He was setting people free, and not just those he helped directly. He was showing people that the rules are not what was important, nor the hard facts of tradition. Security was not the currency he dealt in. He was showing what faith is about. Faith is different from certainty. I read recently the phrase “silence is the language of God”. “Silence is the language of God”. We maybe have to rest with that for a while for its sense to become clear.
I think back to times when I was away when I encountered so many different lifestyles and ways of being, when I had to quieten my mind from making judgements, and put aside my own perceptions of what I thought should happen or not. It was only when I could begin to do that that I realised how really unimportant these matters were in the bigger scheme of things.
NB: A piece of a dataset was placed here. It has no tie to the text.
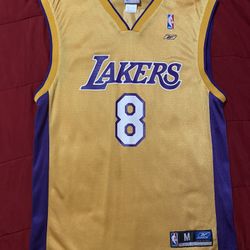 Kobe Bryant Los Angeles Lakers Jersey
But we are given a real challenge to our ways of thinking in the concluding part of today’s reading when Jesus suggests that people shouldn't be inviting just their friends, relatives and rich neighbours to their banquets in a never ending cycle of invitation and response. He made the preposterous suggestion that they should invite the poor, the crippled, the lame and the blind, people with absolutely no honour who could never repay the invitation. He must have known such a thing would never happen. But he is offering an understanding of who is welcome in God’s company; of what the community of free people should look like.
And we too are left wondering what this means for us. It isn't comfortable, this challenge to set aside our own ideas of who is honourable, respectable, even suitable. We are challenged to pause and try to see ourselves and everyone as equally people of God whatever our background, status or lack of it.
After my travels, it is good to be here, in this place, in this community of faith as we all seek to learn more of what Christ means for us in our lives, for the sake of the world we all share, within the church and outside it. It was Dr Martin Luther King Jnr who said “Our goal is to create a beloved community and this will require a qualitative change in our souls, as well as a quantitative change in our lives”. I think that is what Luke has been telling us about today as he points us to Jesus and how he demonstrated the way of God.